Explore the remains of the revolution in Egypt; what is the aftermath of the revolution and its effect on women and girls? The following are recommendations set by our delegation from Egypt at the CSW. They include the elimination of sales of arms, cutting down on IMF loans, holding the government accountable both on supply and demand of arms:

“Since January 25th 2012, and as we speak, hundreds of Egyptians have been brutally murdered by the police and army and hundreds more are to be murdered. The way this is carried out is not just through live ammunition but also through pellets, rubber bullets, and tear gas suffocation.

 A Glimpse of the Current Situation in Egypt

Hundreds have been killed by “non-lethal” crowd control weapons. Tens have lost their eyesight from such pellets. More than 12,000 civilians were trialled in front of military courts, many of which were women who were subject to virginity tests.

Ms. Azza Soliman, a well-known activist in Egypt, has had a fractured skull after her attempt to help a girl who was stripped naked by the army. Only a couple of months ago, in January 2013,  twenty-two girls were subject to mob sexual assaults, four of whom needed medical intervention.

Right now hundreds of civilians are missing; we will never know whether they are dead or alive unless the regime and the army both decide to show some transparency.
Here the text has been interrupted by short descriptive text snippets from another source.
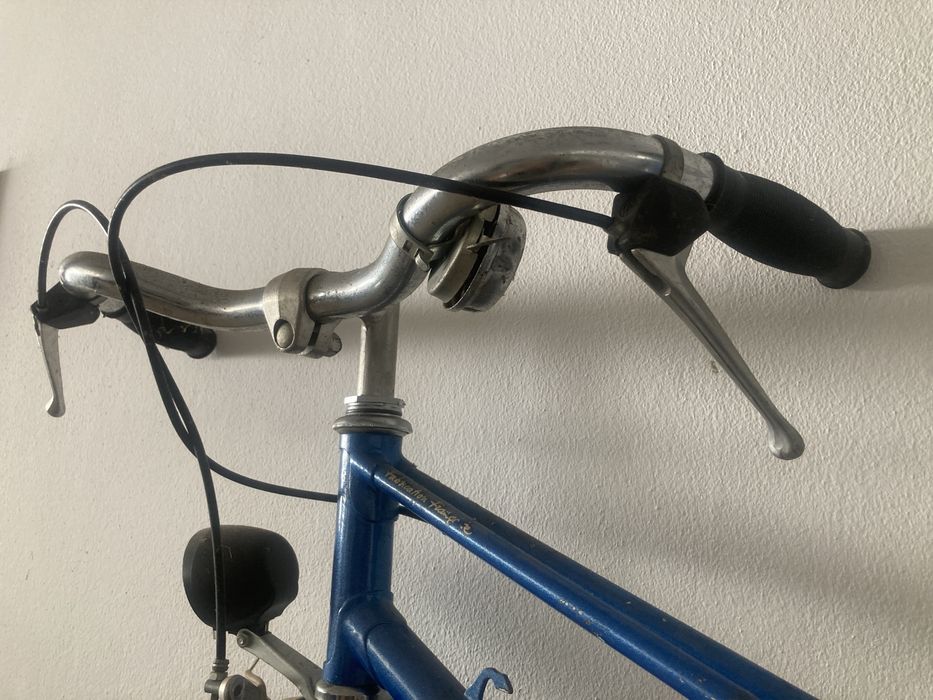 Bicicleta classica
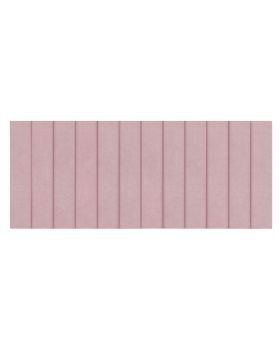 Vertical Panel 200 Blush Cloud 60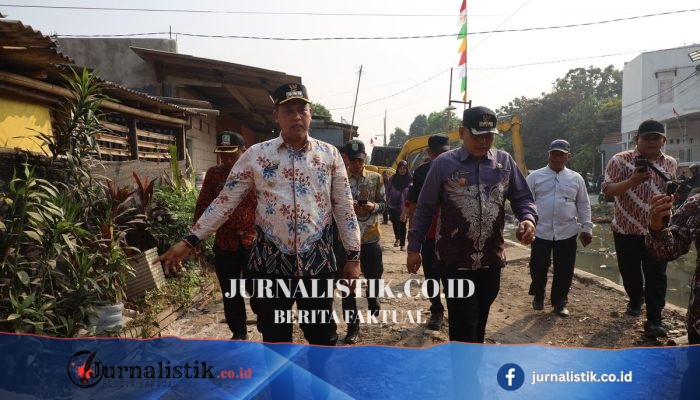 Pemkot Bekasi Rancang Sistem Satu Arah di Jalan Mukhtar Tabrani untuk Kurangi Macet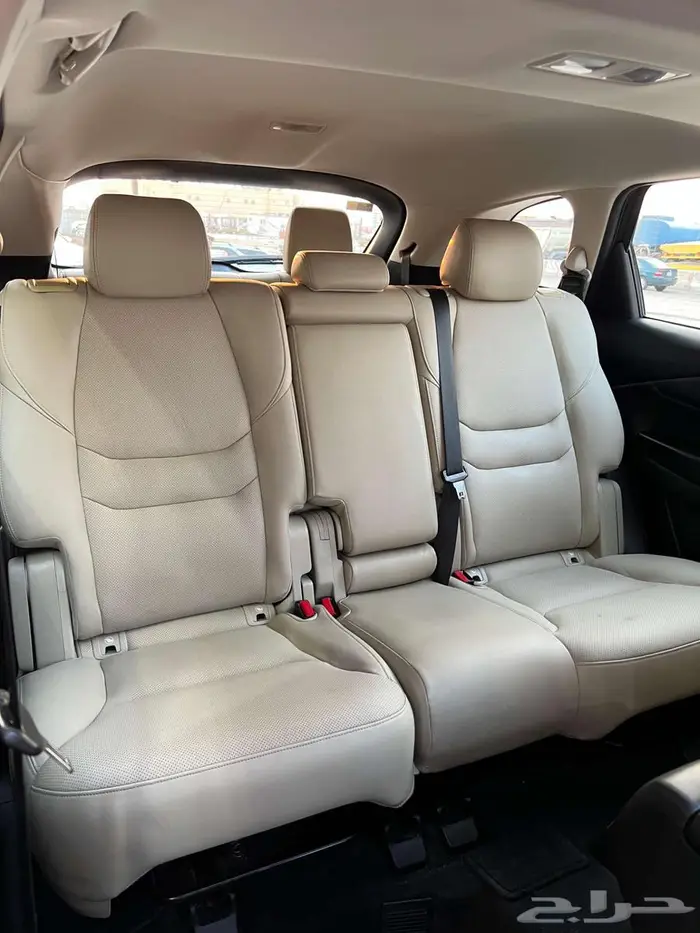 مازدا CX9 2022 فل بدي وكالة عداد 75 23
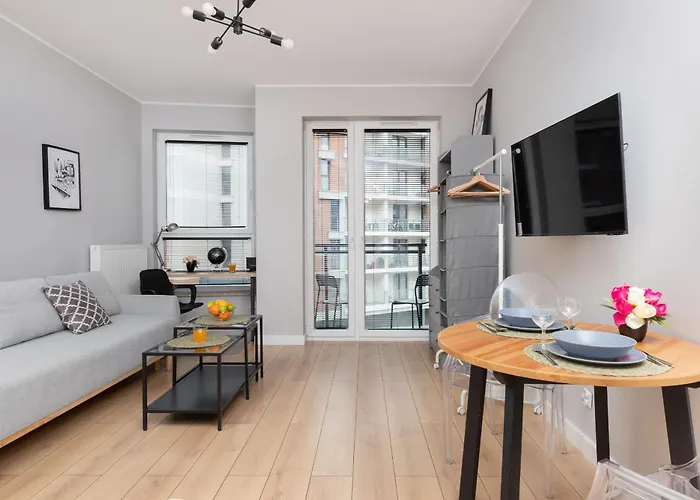 公寓 Fahrenheit In By Renters *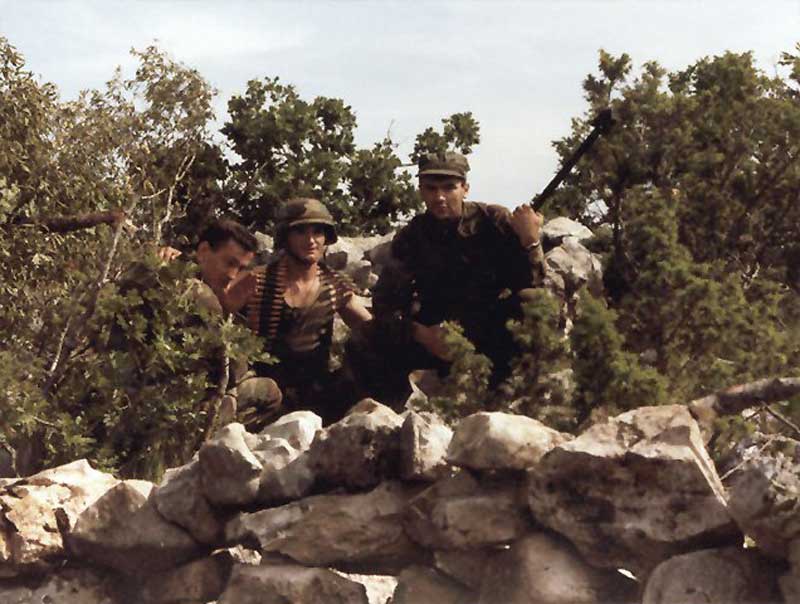 Bojna Zrinski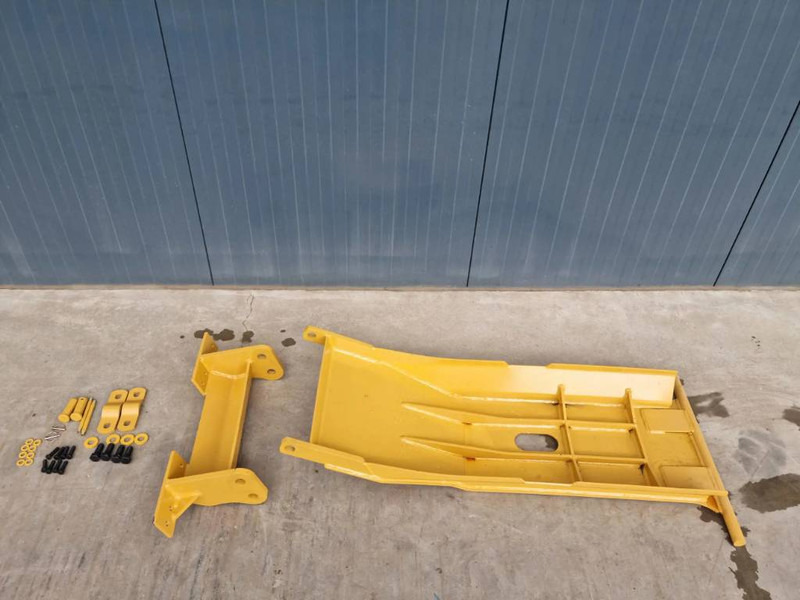 Cat 160H - Attachment for Construction machinery: picture 1 Cat 160H - Attachment for Construction machinery: picture 1
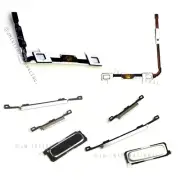 Samsung Galaxy S4 Volume Button Power Button Home Touch Keypad Key Board Sensor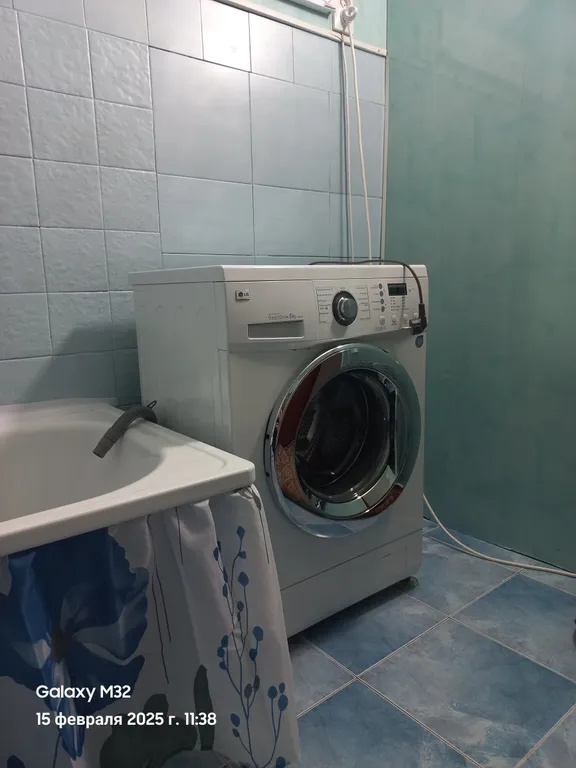 Домик в центре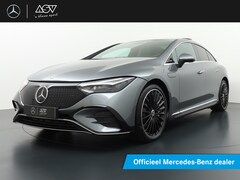 Mercedes-Benz EQE - 350 4Matic AMG Line 91 kWh EQE 350 4Matic AMG Line | Panorama - Schuifdak | Distronic Crui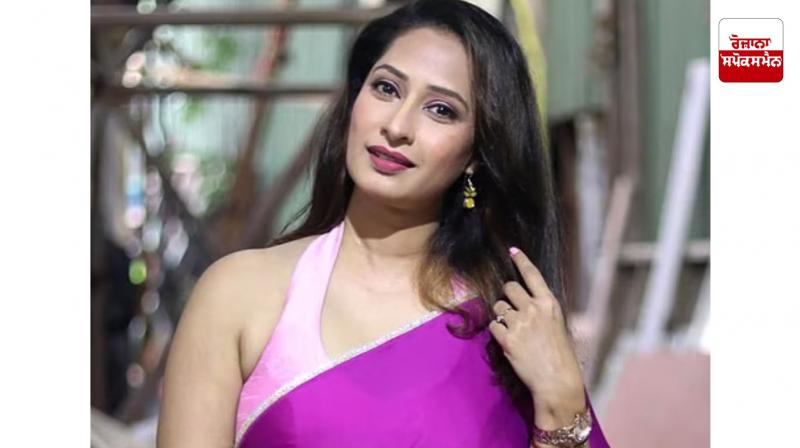 'Pavitra Rishta' actress Priya Marathe passes away at the age of 38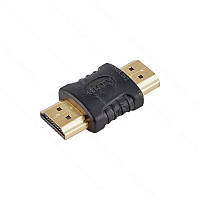 Перехідник штекер HDMI - штекер HDMI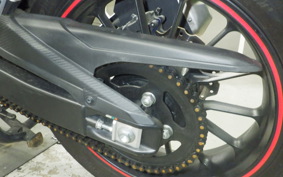 HONDA 400X 2021 NC56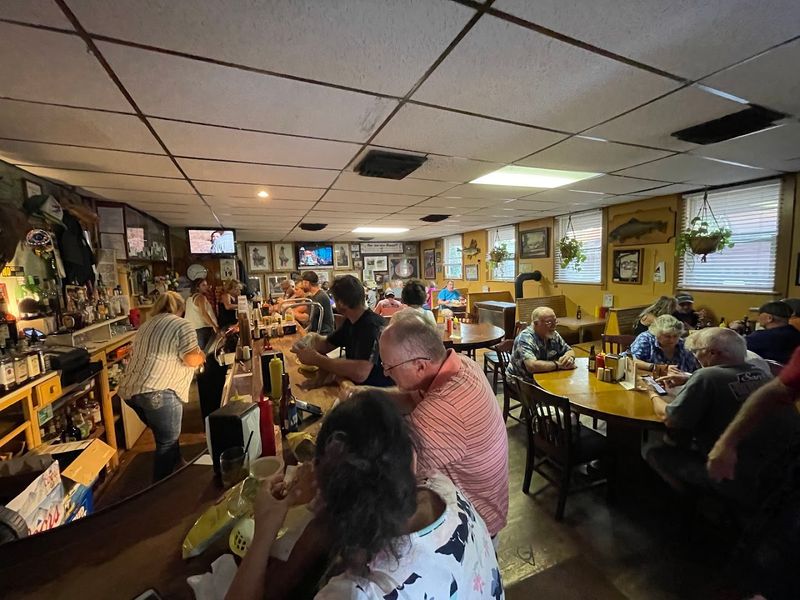 A Tiny Room With a Big Appetite A Tiny Room With a Big Appetite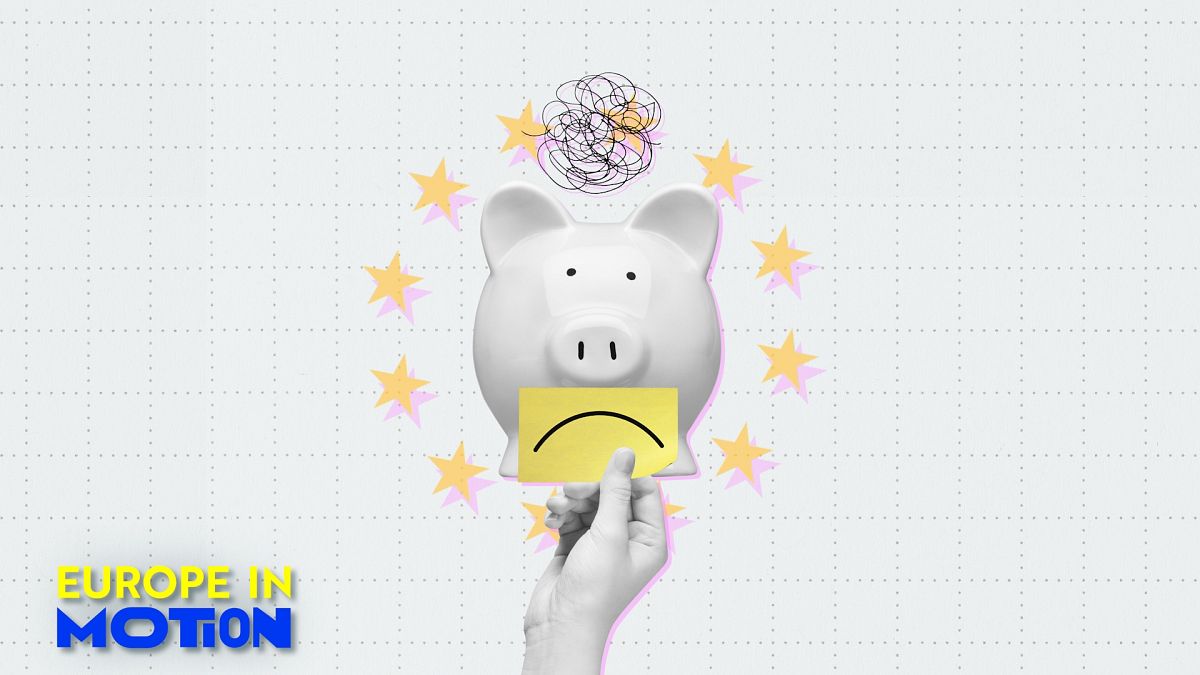 Amid severe mental health strains, how are EU countries responding?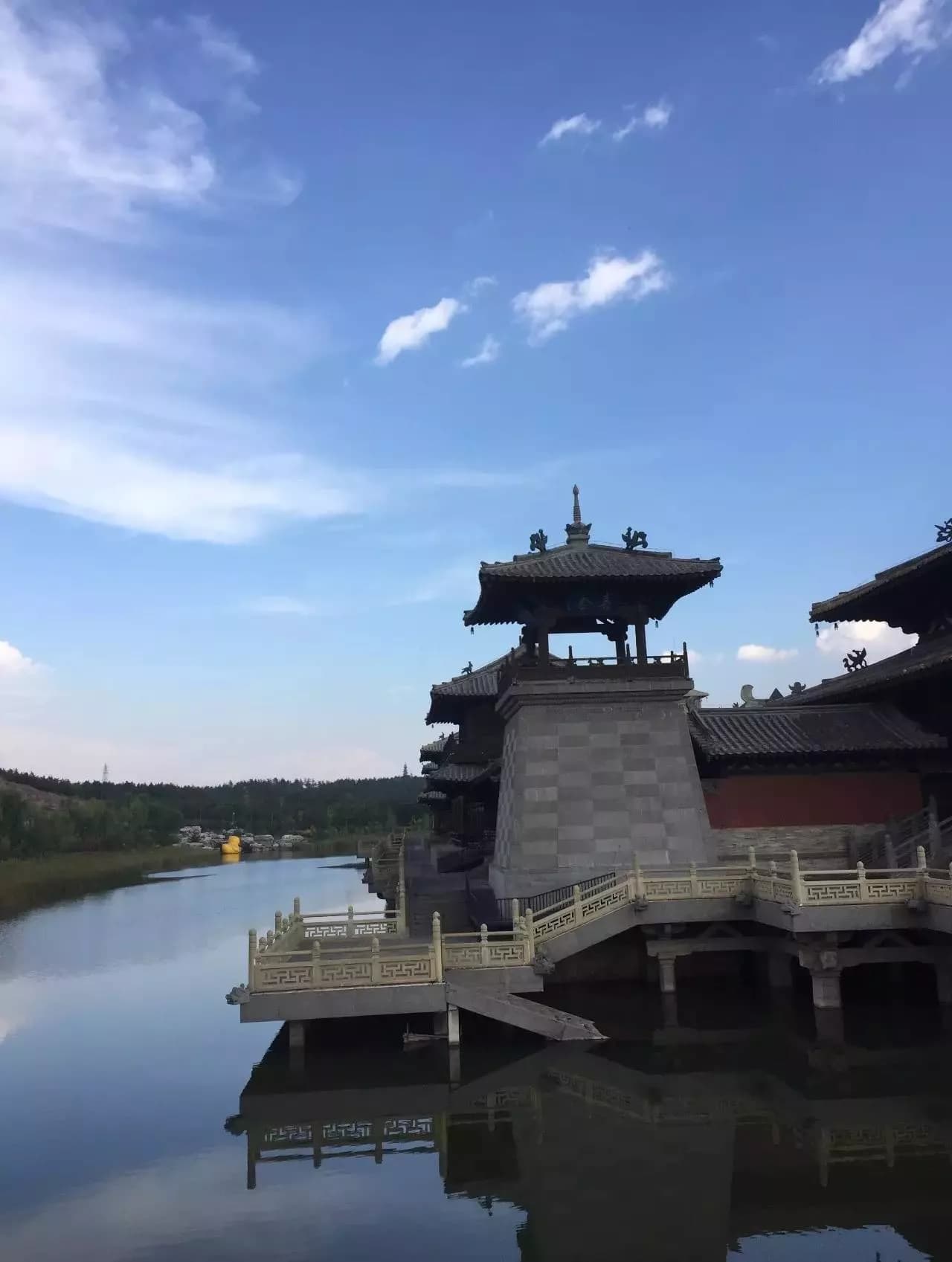 云岗国家森林公园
We are denied any information when it comes to the army’s budget.

For the past sixty years, Egypt had been suffering under military rule, murder, intimidation, imprisonment, torture, rape, theft, corruption and patriarchy. We, Egyptian women,  are fighting to bring that to an end now.

What Needs to Happen

We must ensure the elimination of sales of all arms including the so-called ‘non-lethal’ weapons to any country that violates human rights.

We must stop the IMF loans and any loans being negotiated with the ‘illegitimate’ Egyptian government.

We must support a criterion on preventing gender-based violence in the March 2013 Arms Trade Treaty negotiation.

Finally, we must insist on government accountability in all arms trade both on the supply and the demand as much as we hold states accountable to promises they have made in the United Nations as member states.”